- **What you have to do**:
Up to and including the line that contains "Santa Claus Father", write out each line of the material from its first line, exactly.

··· Raw data ···

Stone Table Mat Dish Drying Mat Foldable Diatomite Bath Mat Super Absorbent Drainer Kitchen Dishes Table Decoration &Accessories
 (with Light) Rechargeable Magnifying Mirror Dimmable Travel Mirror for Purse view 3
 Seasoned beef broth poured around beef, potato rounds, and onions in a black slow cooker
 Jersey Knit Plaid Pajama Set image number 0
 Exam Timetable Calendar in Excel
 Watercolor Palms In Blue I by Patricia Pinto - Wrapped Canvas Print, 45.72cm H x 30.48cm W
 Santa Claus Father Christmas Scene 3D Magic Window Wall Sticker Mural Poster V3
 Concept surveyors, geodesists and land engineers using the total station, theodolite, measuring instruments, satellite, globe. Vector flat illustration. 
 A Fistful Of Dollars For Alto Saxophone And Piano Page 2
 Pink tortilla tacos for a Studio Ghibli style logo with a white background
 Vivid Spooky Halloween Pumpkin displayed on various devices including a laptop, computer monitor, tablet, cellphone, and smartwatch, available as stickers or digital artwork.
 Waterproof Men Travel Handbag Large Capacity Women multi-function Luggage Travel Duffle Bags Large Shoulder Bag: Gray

···

- **The answer**:
Stone Table Mat Dish Drying Mat Foldable Diatomite Bath Mat Super Absorbent Drainer Kitchen Dishes Table Decoration &Accessories
 (with Light) Rechargeable Magnifying Mirror Dimmable Travel Mirror for Purse view 3
 Seasoned beef broth poured around beef, potato rounds, and onions in a black slow cooker
 Jersey Knit Plaid Pajama Set image number 0
 Exam Timetable Calendar in Excel
 Watercolor Palms In Blue I by Patricia Pinto - Wrapped Canvas Print, 45.72cm H x 30.48cm W
 Santa Claus Father Christmas Scene 3D Magic Window Wall Sticker Mural Poster V3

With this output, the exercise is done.